Dysentery can cause medical complications. These are more common among people with compromised immune systems.


Some potential complications of dysentery include:


Dehydration: Frequent diarrhea and vomiting can lead to dehydration. In infants and young children, this can quickly become life-threatening.

Liver abscess: Amebic dysentery can causeTrusted Source an abscess in the liver.

Postinfectious arthritis (PIA): A person may develop PIA as a complication of Shigella infection. Symptoms include joint pain, inflammation, and stiffness.
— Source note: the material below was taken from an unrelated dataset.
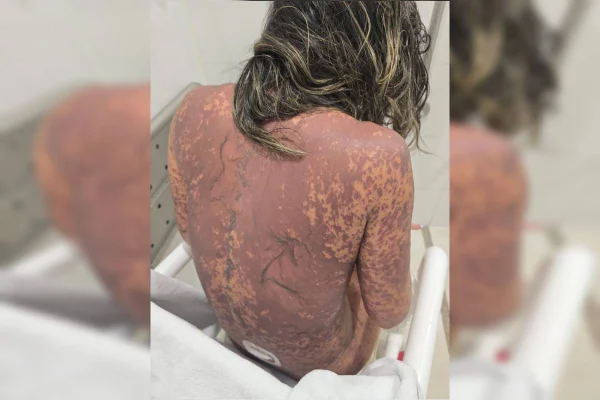 Costas de mulher queimadas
Hemolytic uremic syndrome: A condition involving inflammation and damage to the small blood vessels within the kidneys. It is a rare complication of Shigella infection.

Prevention

Dysentery outbreaks usually occur as a result of poor hygiene or sanitation. To reduce the risk of infection, people should wash their hands regularly with soap and water, especially after using the bathroom and before preparing food.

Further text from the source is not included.